Alzheimer Scotland’s “Fair Dementia Care” campaign seeks to ensure that people in Scotland with advanced dementia have equality of access to the expert health and nursing care they need which is free in line with other progressive and terminal illnesses. “It’s informed by what people living with the experience of advanced dementia and those who care for them have been telling us in the thousands of interactions we have with them”, stresses Alzheimer Scotland.

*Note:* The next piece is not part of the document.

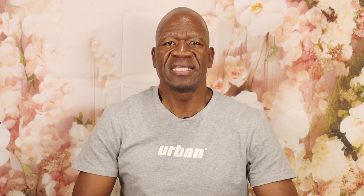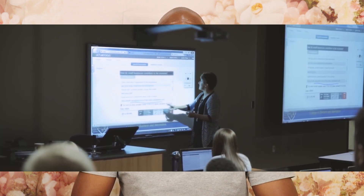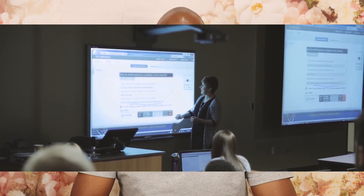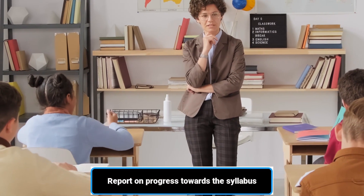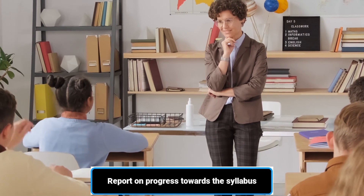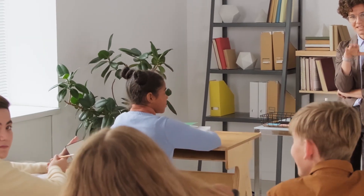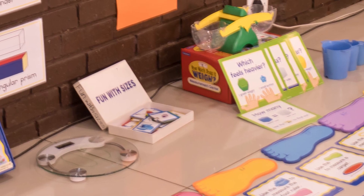Secondly, the teacher is expected to make sure that he or she reports on the progress towards the ATP. This report should be formalized and submitted to the HOD, perhaps on a fortnightly basis, in terms of the amount of work covered. The third responsibility is to make sure that learners are assessed as per the subject assessment guideline.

These are stories of people’s experiences of struggling with changing and increasingly complex needs; of trying and sometimes fighting to get help; of crisis; of moving between care homes because their needs couldn’t be met; of repeated admissions to hospital or specialist dementia care; of delayed hospital discharges while funding was agreed and of family members feeling exhausted and sometimes guilty. On top of all of that; the additional anxiety and worry of the financial impact on the person and their family of social care charging. This is anxiety and worry which is often unnecessarily compounded by the complexity, lack of transparency and bureaucracy of social care charging policies. These experiences demonstrate not just the glaring inequalities faced by people with advanced dementia, their families and their carers but the devastating impact of those inequalities on their lives. This campaign is backed by people with lived experience of the inequity people with advanced dementia face.
Alzheimer Scotland is talking to all main Scottish political parties and asking them to include a commitment to deliver fair dementia care in their election manifestos for the May 2021 Scottish Elections.
They also need to continue to build public support to help achieve political commitment. In order to do this, they are asking people to sign up to the campaign. Alzheimer Scotland has set a target of getting 10,000 signatures backing the campaign, which will demonstrate the public support they have. They are also asking for people to share their experiences of the inequalities people with advanced dementia are facing. Their aim is to help end this inequality, but they can only do that with have public and political support.